▶ **What you have to do**:
After locating "Silver Initial Necklace", return its line and all lines that follow through the end of the listing below, exactly; leave out pictures.
Top of Data
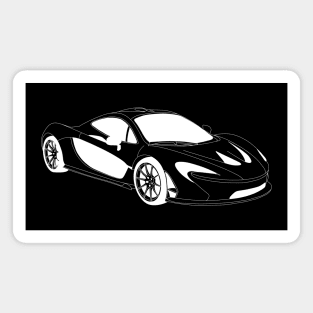 McLaren 720s White Outline Magnet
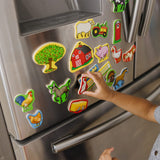 Wooden Farm Magnets G9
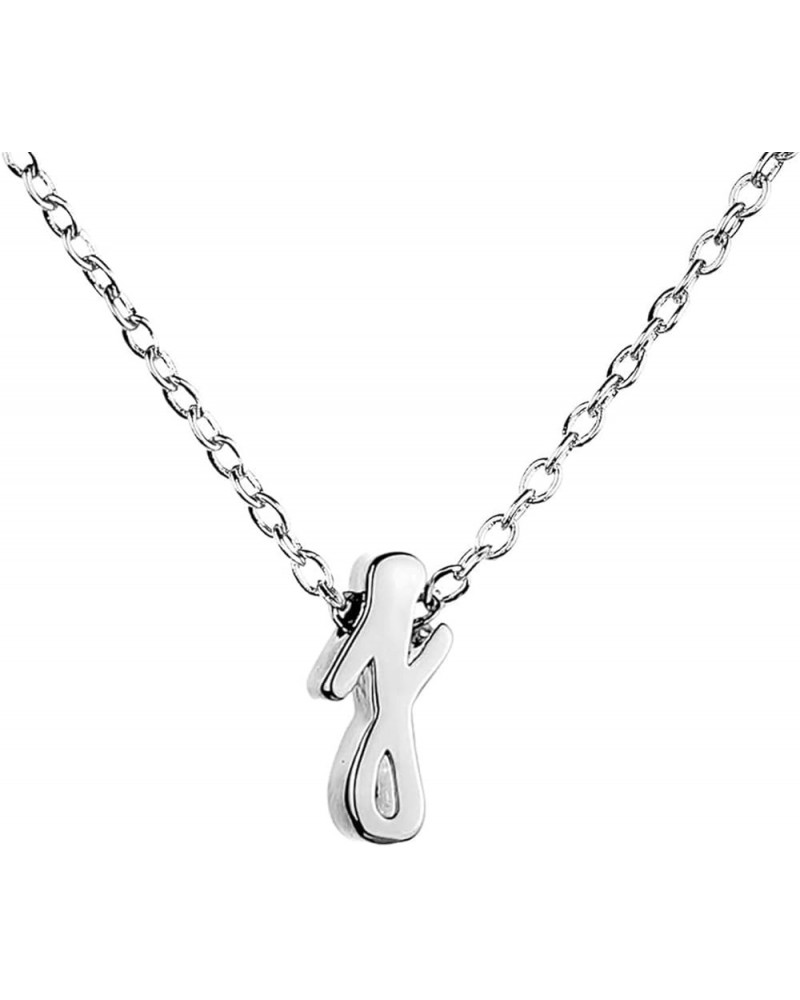 Silver Initial Necklace Initial Pendant Necklace Graduation Gift Personalized Necklace J $14.79 Necklaces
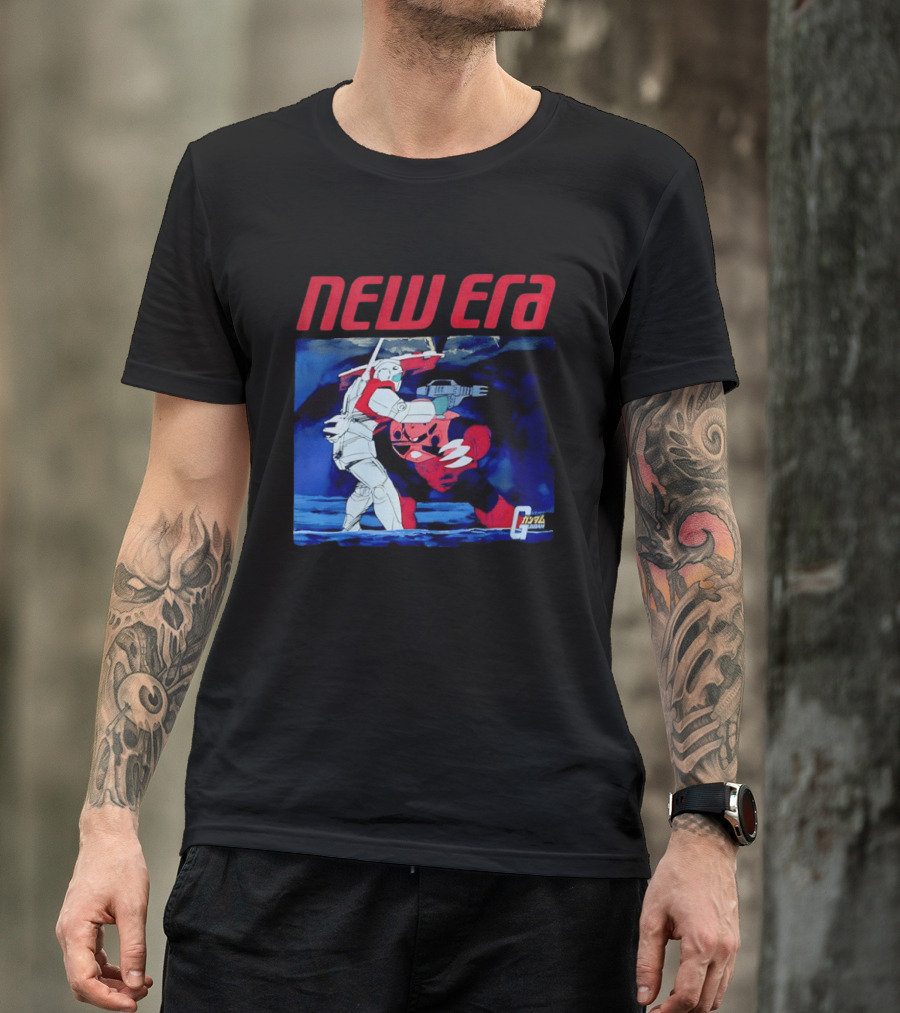 New Era Gundam 1979 Anime Battle Scene T-Shirt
Bottom of Data
▶ **Solution**:
 Silver Initial Necklace Initial Pendant Necklace Graduation Gift Personalized Necklace J $14.79 Necklaces
 New Era Gundam 1979 Anime Battle Scene T-Shirt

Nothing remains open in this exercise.